You last played as a full-time professional with Reading in England in 2018, is it something you see yourself returning to?

No. I was pretty sure that I wanted to come back to New Zealand and be close to family and I wanted to get into my accounting career, so I’m pretty happy being back in Wellington.

Your professional career took you around the world to the likes of Germany, Sweden and Australia; have you had time to reflect on that journey?

I think we are in a really privileged position to be professional footballers and to meet such a diverse range of people, to really experience cultures, not just for a week or for a month, you get to really get embedded in how people in those countries live their day-to-day life and I think that’s a real privilege and something that not many people get to do.

So, I think one of the things that I will take away from my professional career is that I’m so grateful to have experienced so many different cultures and met such a diverse range of people.

What was your reaction when it was confirmed that New Zealand would co-host the FIFA Women’s World Cup alongside Australia in 2023?

I didn’t know if I was a bit naïve or not but I was just looking at the other candidates and I thought this was a shoo-in, of course we are the best two candidates to host it, so I wasn’t surprised and I think that’s probably just a bit ridiculous of me and being a bit one-eyed.

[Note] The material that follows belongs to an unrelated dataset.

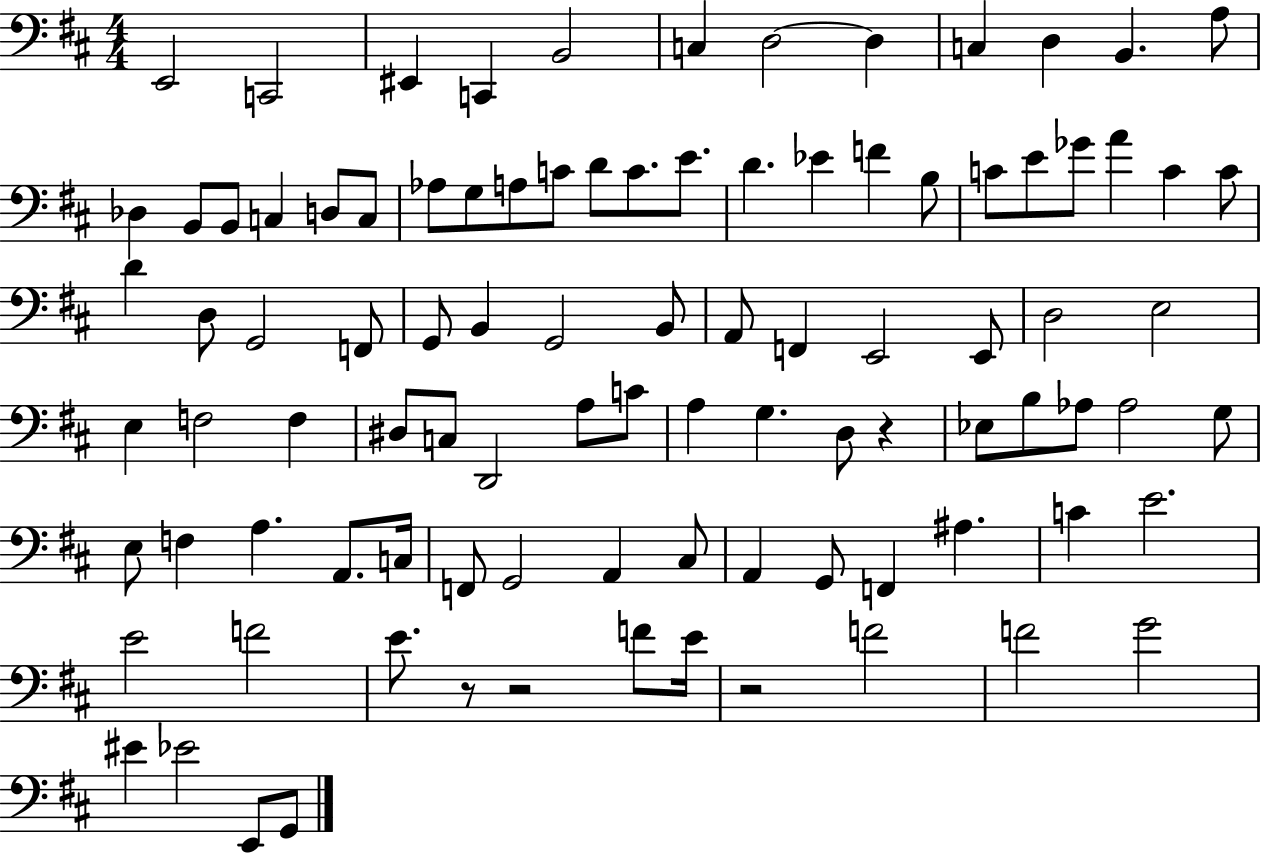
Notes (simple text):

But I’m just so thrilled for the change that’s bound to have on women’s football in New Zealand. I think sometimes we forget what a global game it is and just what an impact that a World Cup can have.

It’s really exciting for those younger generations to be able to experience that and see the beautiful game in the flesh and the world’s best players on home soil.

You’ve been a key part of the rise in women’s football in New Zealand during the past decade, what does that mean to you?

It’s really special. I think that’s part of the dream of being a [Football] Fern is the legacy that you get to leave behind and I think that’s a really important part and I think the Ferns understand that, particularly the girls that I started with and that came through when there was that real culture shift.

So I think it’s really exciting, it’s a real privilege to have been involved with it for such a long time at such a high level and to be able to leave the game and particularly the Ferns in a better place than it was when I came into it.